Apelin-13 can regulate the apoptotic signaling pathway and thus reduce the number of apoptotic neurons in the cortex during SAH, which may be another mechanism of apelin-13 to protect brain tissue. Apoptosis is a kind of program cell death pathway and play a crucial role in EBI induced by SAH. Pro-apoptotic Bcl-2 family members take part in and activate caspase-9 to trigger further the downstream effector caspases, including caspase-3, caspase-6, and caspase-7 through the intrinsic apoptotic pathway [22]. As is well known, cell apoptosis is enhanced after SAH, where Bax and caspase 3 were up-regulated, while Bcl-2, an apoptotic inhibitor, was down-regulated. Importantly, previous study reported that apelin shows strong anti-apoptosis effect and ameliorates EBI after SAH in rats [19]. Another study showed that apelin-13 pre-treatment can diminish memory impairment by inhibiting apoptosis in an Alzheimer’s disease [23, 24]. In our study, the cell apoptosis was reflected by apoptosis-related markers, the expression levels of Bax and active caspase 3 were significantly elevated while Bcl-2 was suppressed in rats after SAH, but apelin-13 partially revised these effect. Furthermore, ML221 could partially reduce the effect of apelin-13 on apoptosis-related marker. Thus, apelin-13 could protect against cell apoptosis after SAH via intervening the expression of Bax, Bcl-2 and active caspase 3 in an APJ dependent manner. In addition, TUNEL, FJB and Nissl staining also indicated that apelin-13 decreased the cell death and attenuated SAH-induced EBI in an APJ dependent manner. Taken together, these results revealed that apelin-13 exhibits neuroprotective role against SAH-induced EBI through attenuating apoptosis.

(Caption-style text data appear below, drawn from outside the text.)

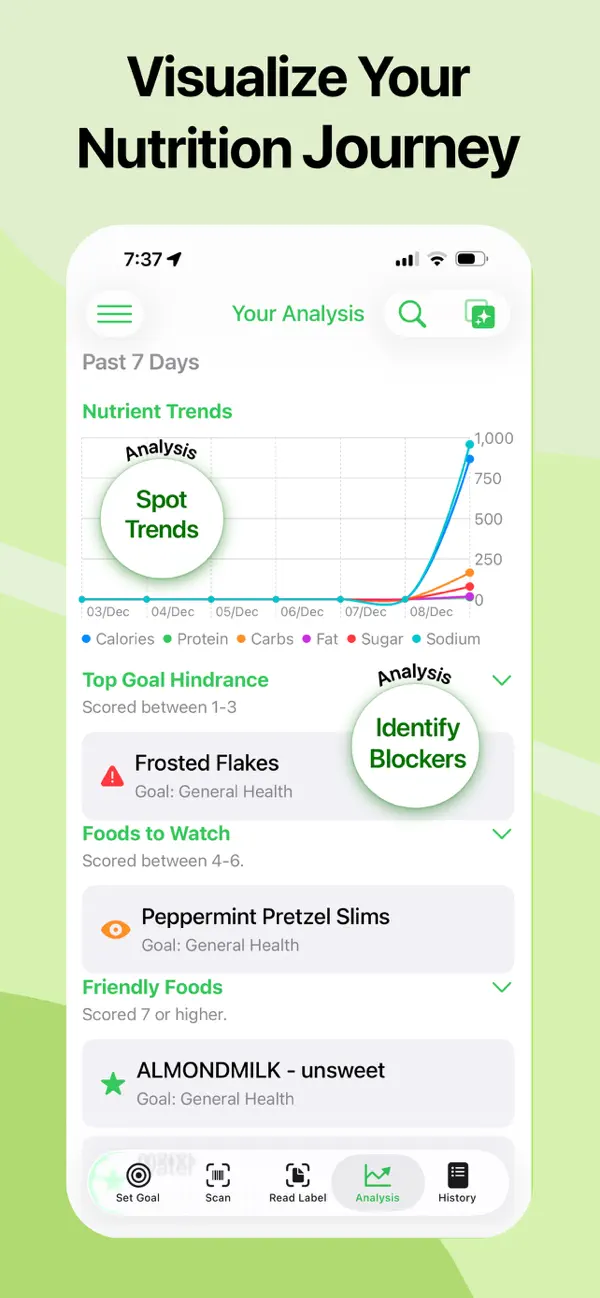 #6. Nourish Lens: AI Food Scanner (iOS) By: AGD Studio LLC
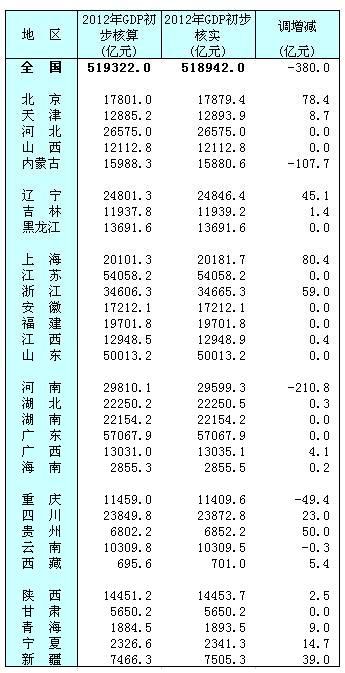 2012年全国各省GDP初步核实,四川增23亿,重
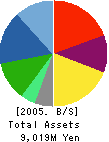 Biscaye Holdings Co.,LTD. Balance Sheet 2005年12月期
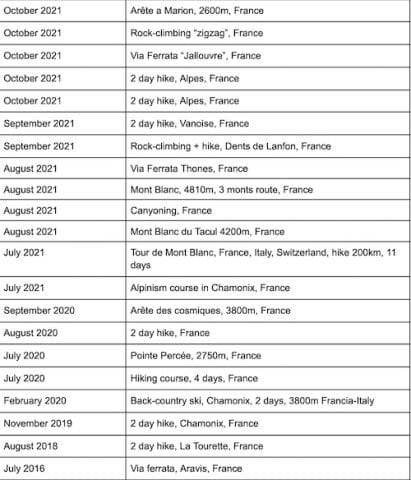 Bianca Alder Climbing CV through 2025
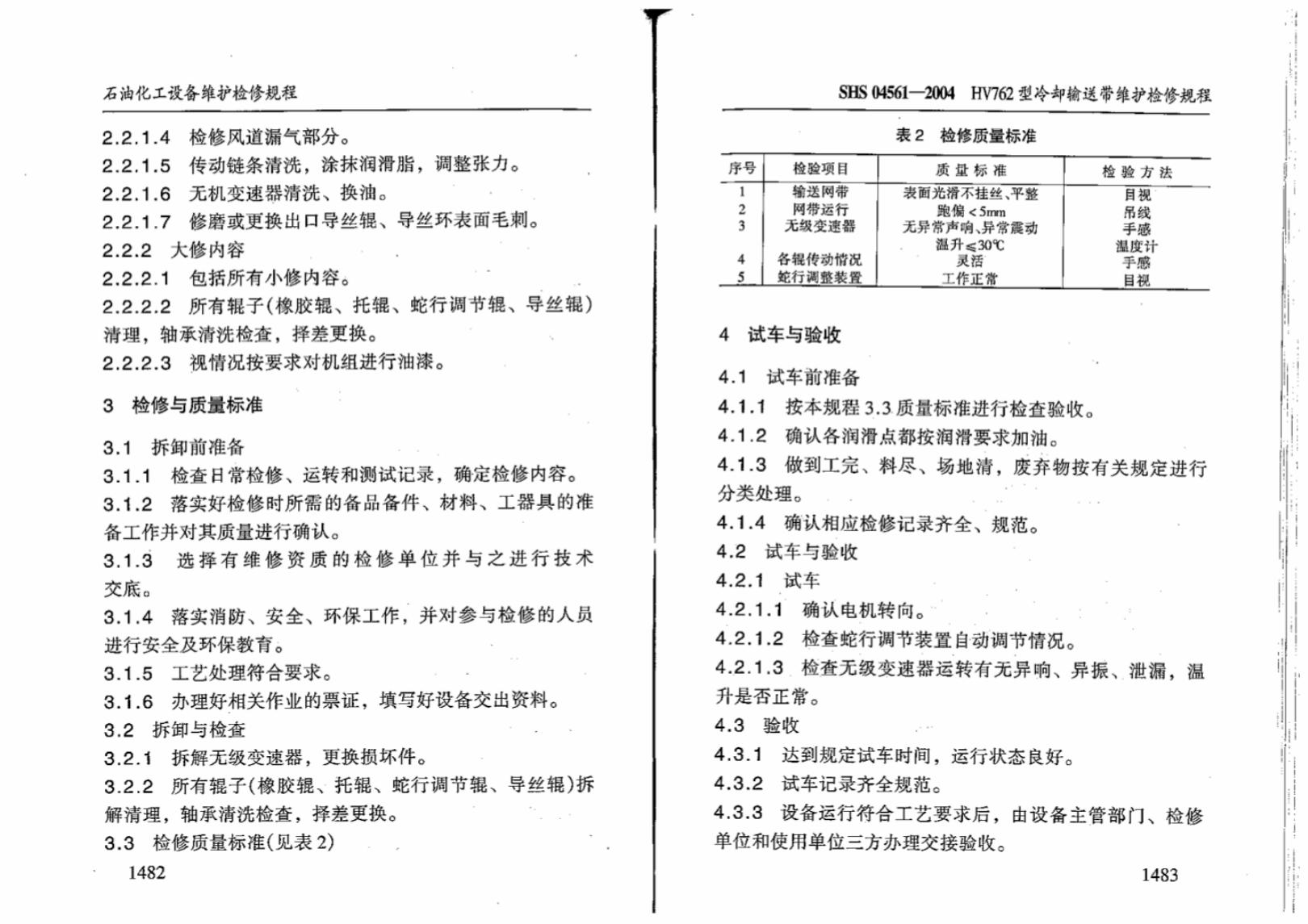 SHS 04561-2004 标准预览
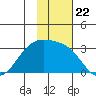 Cape Chlanak tide chart for Monday, November 22, 2021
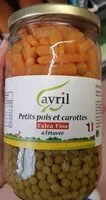 Mängden socker i Petits pois carottes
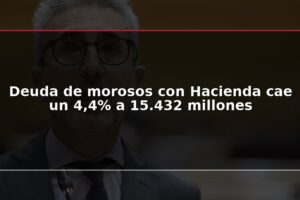Deuda de morosos con Hacienda cae un 4,4% a 15.432 millones
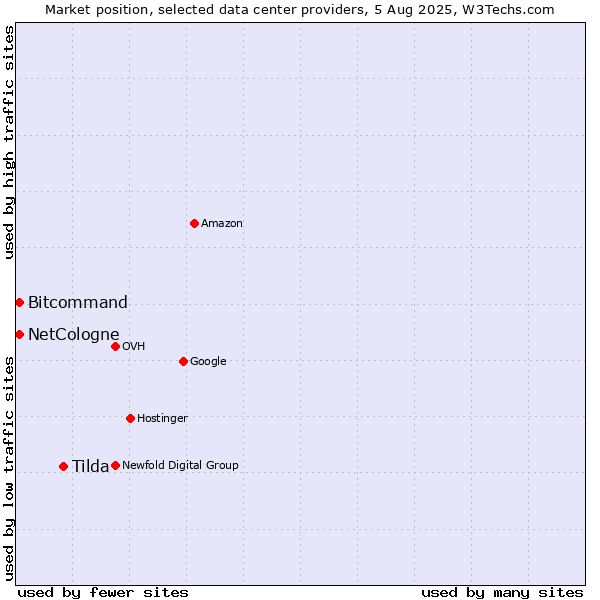 Market position of Tilda vs. Bitcommand vs. NetCologne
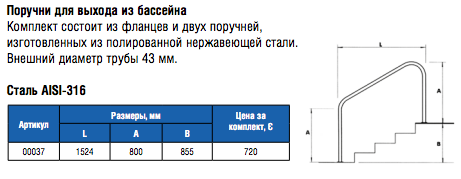 Поручни для римской лестницы, дл.1524мм, + фланцы AISI-316 (в компл. 2 шт)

We also realize there were some limitations in our work. To be first, the present study only explored the neuroprotective effects of apelin-13 in the early stages of SAH to male rats. Thus, its long-term neuroprotective roles and sex difference require further investigation in SAH-induced brain damage and neurological deficits. Secondly, our study demonstrated that apelin-13 can only partially attenuate neuronal apoptosis dependent on APJ expression, implying other molecular mechanisms involved which need further investigation.

Conclusion

In summary, our current study confirms that apelin-13 exhibits the neuroprotective role to attenuate EBI following SAH, which is mediated by inhibiting neuronal apoptosis in an APJ dependent manner following SAH in rats. These findings confirmed that apelin-13 could be developed as a novel drug for treatment of SAH. Apelin-13/APJ system as an endogenous signaling pathway played a crucial role during SAH and should be explored further in the future.